The House of Representatives has passed for second reading, a bill seeking to regulate Ponzi and pyramid schemes as well as other forms of investments, proposing a 10-year jail term for operators.
The bill also proposes more regulatory powers for the Securities and Exchange Commission as well as ease state and local governments’ access to securities and facilities.
The legislation is titled, ‘A Bill for an Act to Repeal the Investments and Securities Act, 2007 and Enact the Investments and Securities Bill to Establish Securities and Exchange Commission as the Apex Regulatory Authority for the Nigerian Capital Market as well as Regulation of the Market to Ensure Capital Formation, the Protection of the Market to Ensure Capital Formation, the Protection of Investors, Maintain Fair, Efficient and Transparent Market and Reduction of Systematic Risk; and for Related Matters.’
Chairman of the House Committee on Capital Market, Babangida Ibrahim, who sponsored the bill, noted that the current law governing the Nigerian capital market, the Investments and Securities Act, Act No. 29 of 2007, was signed into law by the late President Umar Musa Yar’adua in June 2007.

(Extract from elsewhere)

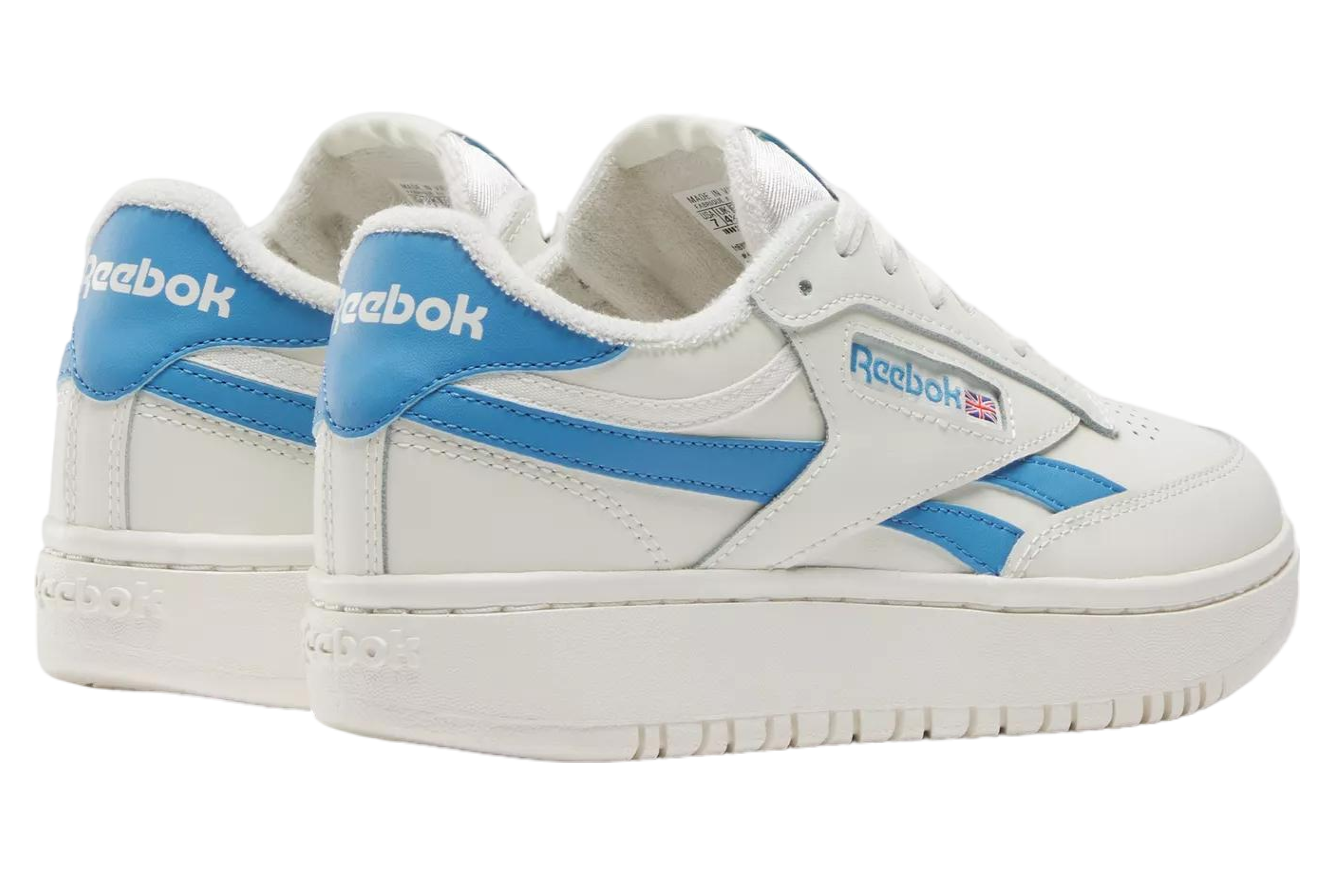 Reebok Club C Double Revenge WMNS Chalk / Essential Blue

Ibrahim noted that current trends in capital markets regulation, over 14 years after, have made it necessary to make major improvements to the Act to align the Nigerian market with international standards.
The lawmaker said the bill would raise the number of sections in the ISA 2007 from 316 to 351.
He listed the objectives of the proposal to include enhancement of provisions relating to efficient regulation of investment schemes and to effectively combat the proliferation of Ponzi schemes in Nigeria.
Ibrahim explained that the bill prohibits Ponzi/pyramid schemes as well as other illegal investment schemes and prescribes a jail term of not less than 10 years for their promoters.
According to him, the SEC would also be empowered to shut down such prohibited investment schemes.
Introduction of new provisions for the regulation of derivatives and commodities trading to deepen the Nigerian capital market and the economy.
A derivative is a bilateral contract whose value is derived at a future date from an underlying asset, such as a commodity, currency, interest rate, property value, company share, etc.
Derivatives are financial instruments used for hedging and risk management. Although the Commission had previously created Rules on the subject matter, the Bill contains provisions that reinforce the Commission’s powers to regulate this category of instruments.
Similarly, an entirely new part is inserted in the Bill as bedrock for the regulation of Commodity Exchanges and Warehouse Receipts by the Commission. These new provisions are essential to allow for the development of the entire gamut of the Commodities ecosystem.
The lawmaker also said there was an introduction of new provisions to regulate the activities of Financial Market Infrastructures, as well as netting and bankruptcy provisions to protect investors in derivatives contracts.
There are also new provisions on the regulation of Financial Market Intermediaries such as the Central Counterparties, Clearing Houses, Trade Depositories, among others.
According to Ibrahim, the general law of insolvency will have no effect on market contracts or action taken under the rules of an exchange, FMI with respect to market contracts, or an action taken to transfer any collateral.